Selon la Drees, le service statistique des ministères sociaux, en 2022, 13 % des apprentis infirmiers ont interrompu (définitivement ou provisoirement) leurs études en première année, contre 4 % en 2014. Ce chiffre atteint 18 % sur les trois années de formation.

Face à une pénurie croissante de soignants, le gouvernement a ajouté depuis 2018 plusieurs milliers de places en instituts de formation en soins infirmiers (IFSI), mais le nombre de diplômés recule.

« Les causes sont multiples, mais la première – citée par 32 % des démissionnaires selon une étude –, ce sont les conditions de stage », assure Pauline Bourdin, présidente de la Fédération nationale des étudiants en sciences infirmières (Fnesi).

« Avec le manque de soignants, de terrains de stage disponibles, et l’augmentation des effectifs en école, on n’a plus assez de professionnels pour encadrer les étudiants. Ils se retrouvent à quatre, cinq par stage, livrés à eux-mêmes », encombrant parfois des équipes débordées, explique-t-elle.

« J’étais un boulet », confirment les étudiantes interrogées. « Expliquer, montrer les gestes, ça prend du temps. Les infirmiers n’en ont pas », résume Marie, 21 ans. En stage de première année, elle devait « demander à chacun, chaque jour, qui voulait bien passer la journée avec moi ». Tous déclinaient.

Sa motivation prend l’eau en deuxième année, en foyer d’accueil médicalisé, en Île-de-France. Deux infirmiers « surchargés » se partagent cinq étages. Esseulée, Marie sert d’aide-soignante « à 1,10 euro de l’heure », s’épuise et « n’apprend rien ».

« Des robots »

« Je prenais énormément de retard sur les soins techniques, les pathologies », confie-t-elle. « Parfois je devais faire un soin, je ne savais pas. Je savais qu’au prochain stage, ils en attendraient davantage. J’y allais la boule au ventre, en pleurant ».

Zoé, qui rêvait des urgences, raconte sa « désillusion » puis son « burn-out » en troisième année, en Bretagne.

« C’était horrible de voir les patients entassés sur des brancards, faire les soins dans les couloirs sans aucune intimité. Les malades angoissent, voudraient juste une présence. Nous, on passe cinq minutes, sans lien ni humanité. On est des robots », soupire-t-elle.

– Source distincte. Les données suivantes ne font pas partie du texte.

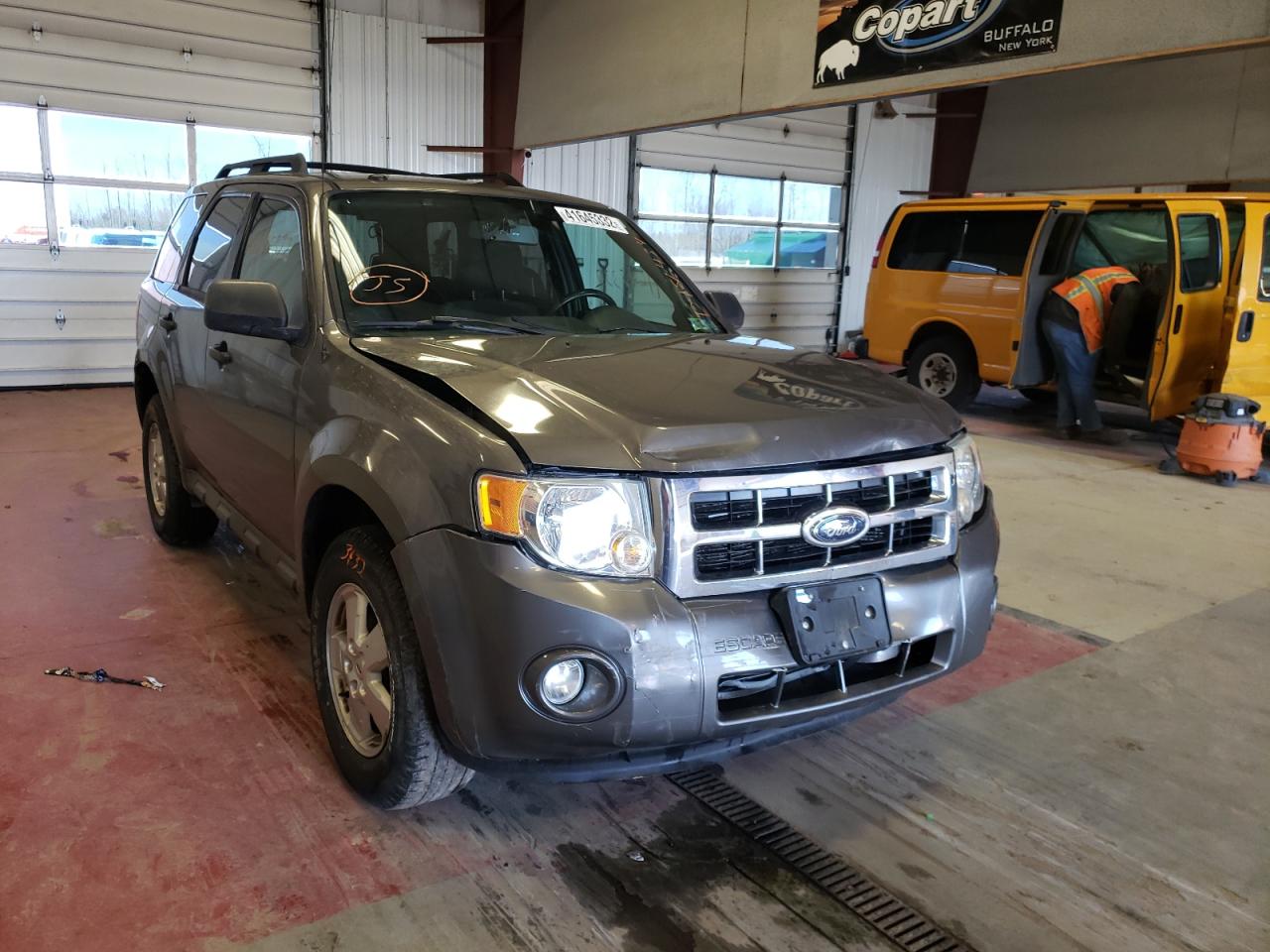 FORD ESCAPE XLT 2009 with VIN 1FMCU03709KB39777 - Photo from auction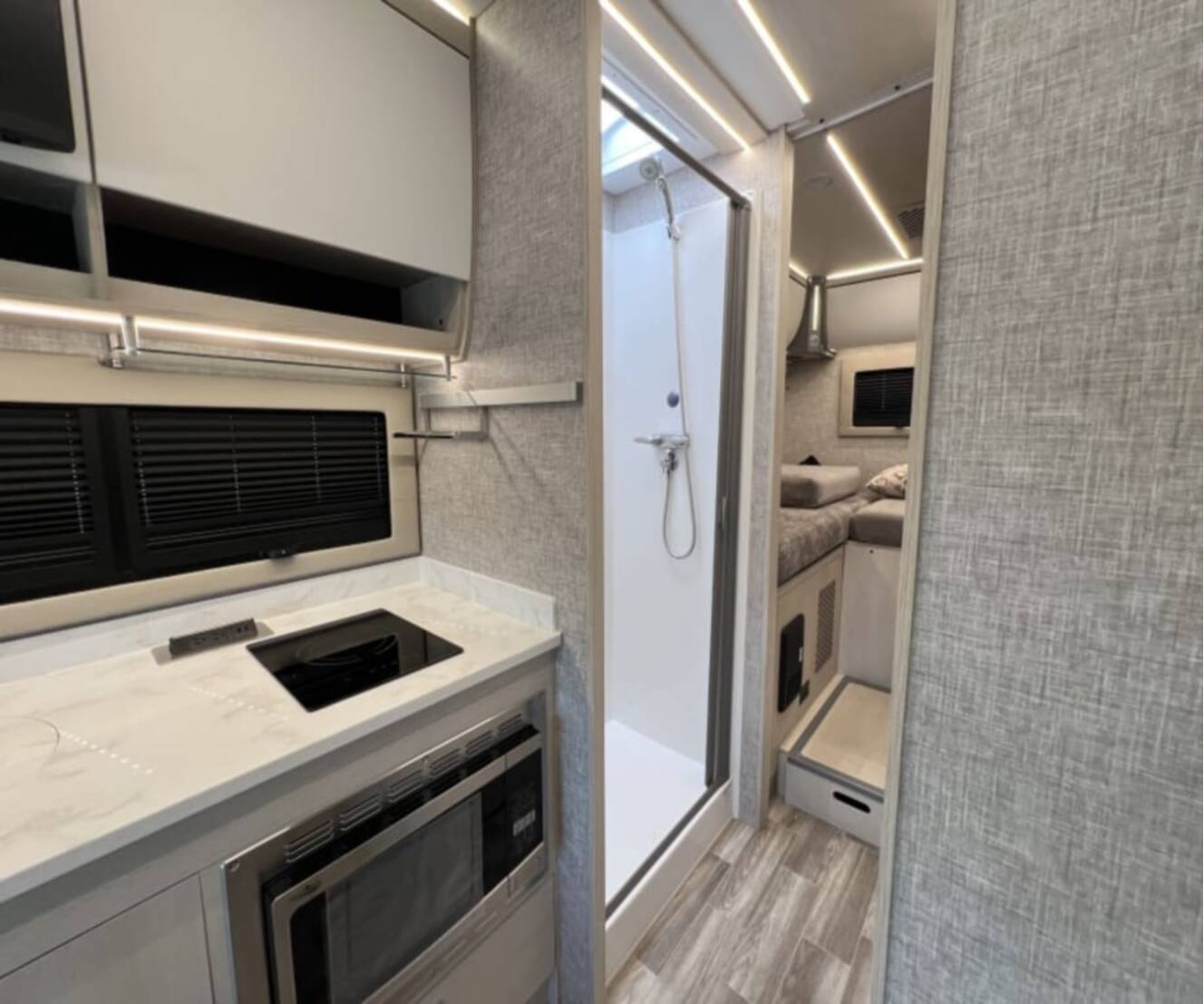 A photo of this 2025 Tiffin WAYFARER 25XLW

« Certains professionnels, à bout, nous dégoûtent », ajoute-t-elle. Un jour, l’une de ses tutrices lui lance, peu après les présentations : « le métier est dur, tu devrais te barrer ».

D’autres deviennent maltraitants. « Épuisée » après plusieurs stages, Héloïse a choisi « d’imposer sa pause déjeuner ». « L’ambiance s’est tendue avec ma tutrice. Elle ne me parlait plus. Un jour elle m’a hurlé dessus, pour un détail ».

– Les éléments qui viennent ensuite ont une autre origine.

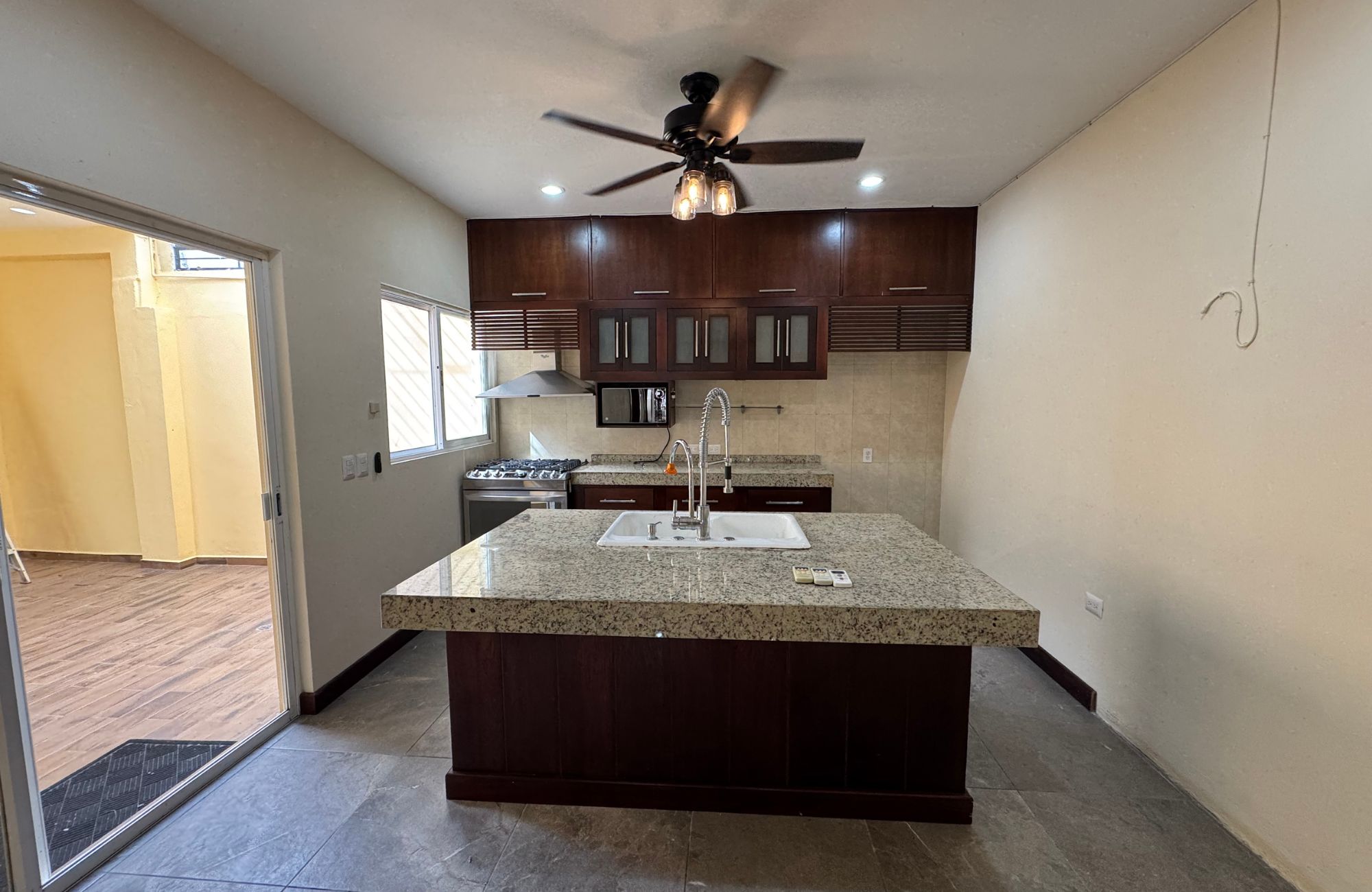 House with spacious backyard, excellent potential, for sale, Centro, Cozumel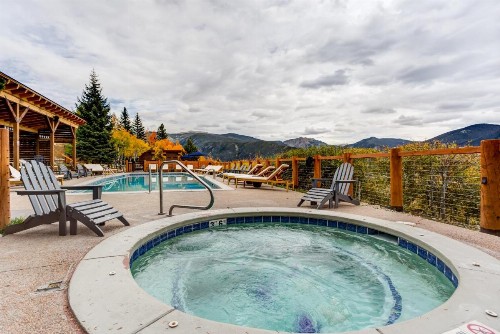 Grand Lake Lodge - image 31
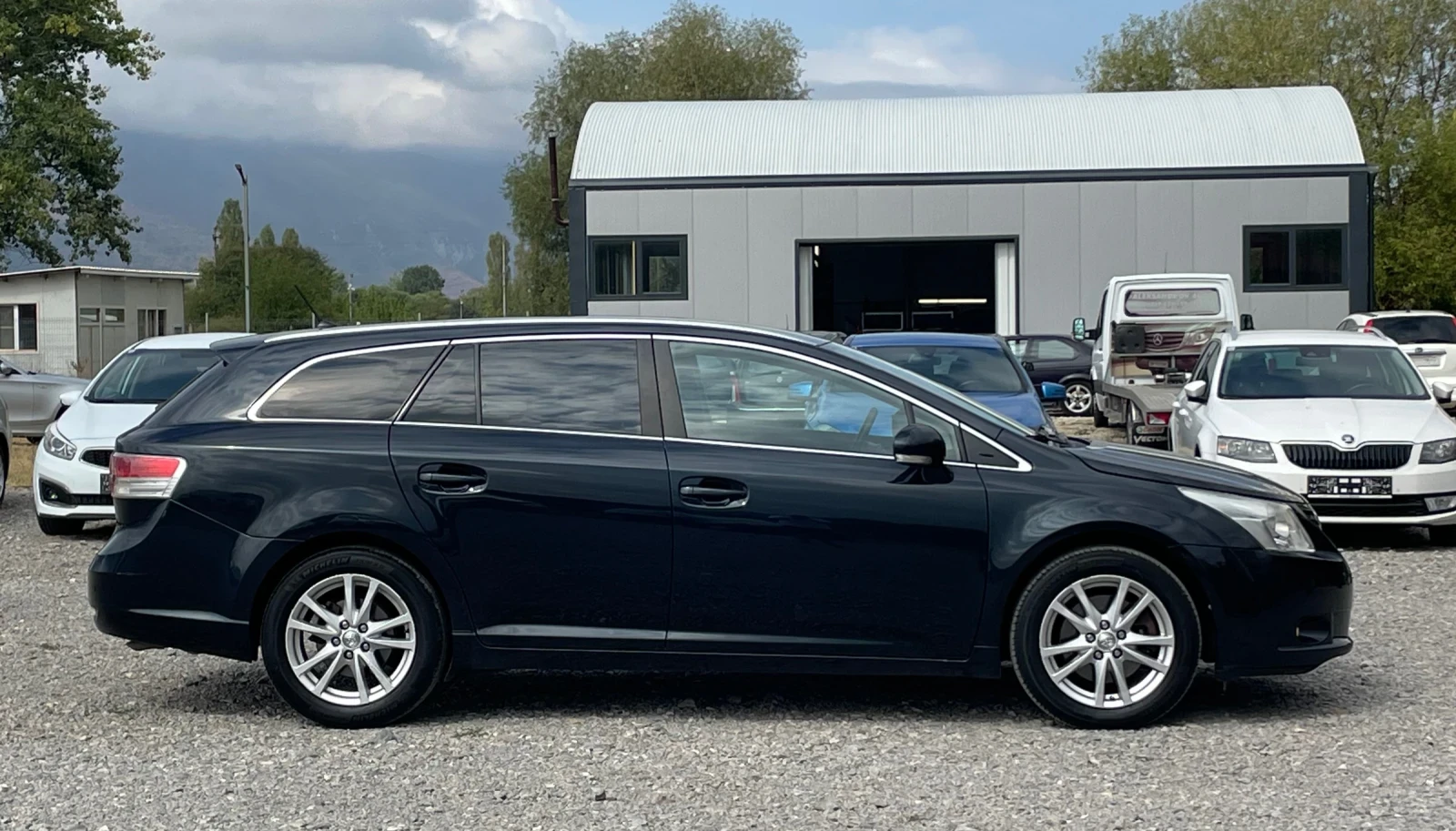 Toyota Avensis 2.2 D-4D 150к.с * Климатроник*  - изображение 7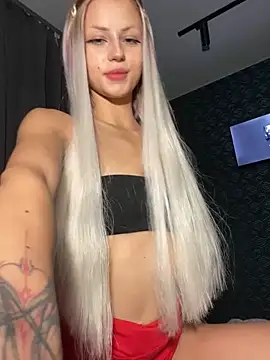 FavoriteKira online show from 10-08-25, 05:21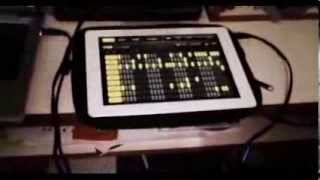 Video thumbnail for [DEMO] DM1: the Drum Machine for iPad (Fingerlab) TR-808 kit by Thiago Gomes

« Parler est impossible, tout le service se retournerait contre vous », déplore cette déléguée de promotion, dont les camarades « ont tous vécu ça ».

« Il y a aussi la charge de travail, intense », un « accompagnement insuffisant à l’école, par manque de formateurs », ou encore la « précarité étudiante », souligne Pauline Bourdin (Fnesi).

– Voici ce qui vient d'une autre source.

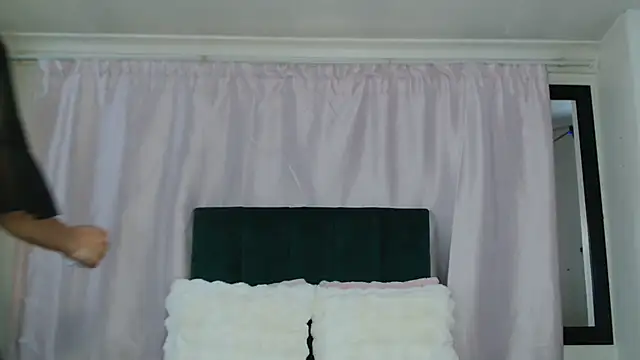 Snapshot of -cleowilliams- chatting on 12, 9, 2025 -cleowilliams- online show from 12, 9, 2025
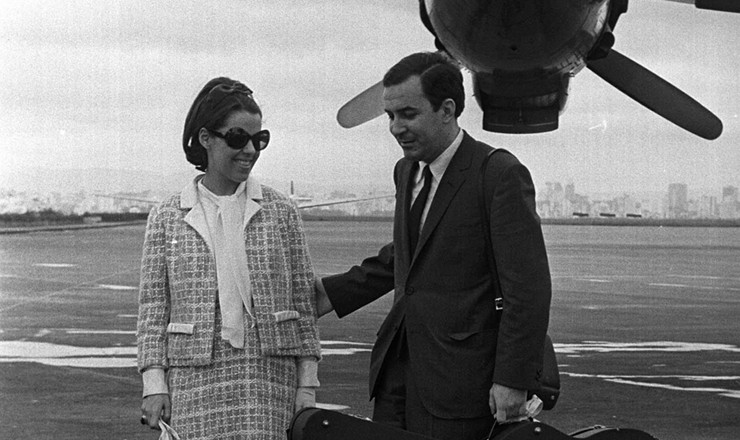  <strong> João Gilberto e sua mulher, Astrud, </strong> <strong> desembarcam</strong> em São Paulo, vindos dos EUA, em dezembro de 1965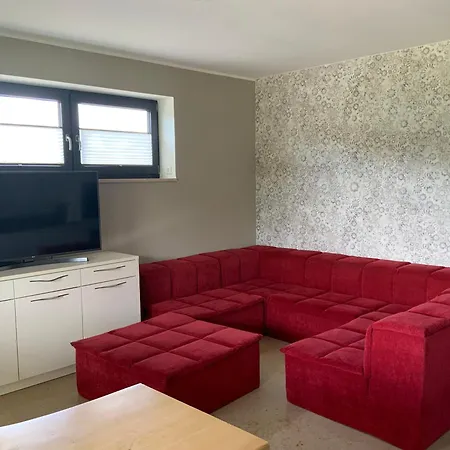 Lachmoewe Apartment Busum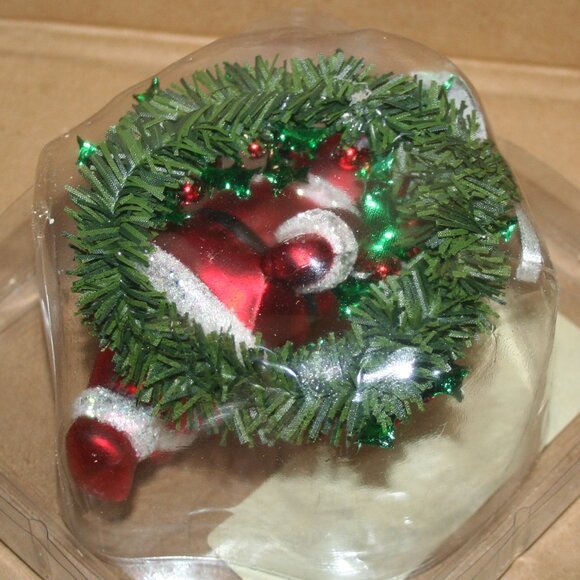 Scottish Christmas Vision of Sugarplums 4" Wreath Elf Handblown Glass Ornament - Picture 5 of 5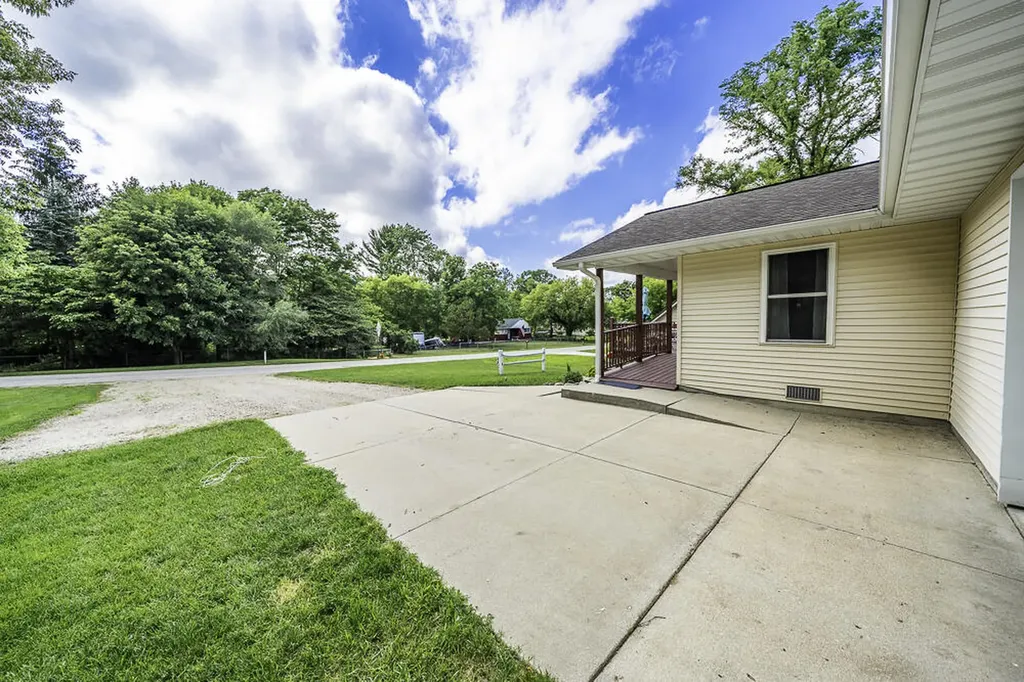 38 N Elm Street Hesperia Village MI 49421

Pour « survivre », Marie prenait des petits boulots dans la restauration, s’imposant un rythme « invivable ». Tiraillée, elle n’exclut pas de « reprendre un jour l’école, après avoir économisé ».

Un rapport sénatorial pointait aussi en 2022 « l’inadaptation » de Parcoursup – qui a remplacé en 2019 le concours d’entrée –, dirigeant vers les IFSI trop de profils « insuffisamment motivés ».

Cette année, l’exécutif a ajouté à Parcoursup un « questionnaire d’auto-positionnement » obligatoire et la possibilité d’échanger avec des formateurs.

Mais il planche surtout sur une grande réforme du métier et des études. « Les textes seront soumis à la concertation au printemps » en vue, concernant la formation, d’une application « à la rentrée 2025 », précise le ministère de la Santé.

La Fnesi plaide pour généraliser les « journées d’immersion » proposées aux lycéens en IFSI, mieux payer les stagiaires, mais aussi former et rémunérer les tuteurs, en adaptant leurs plannings.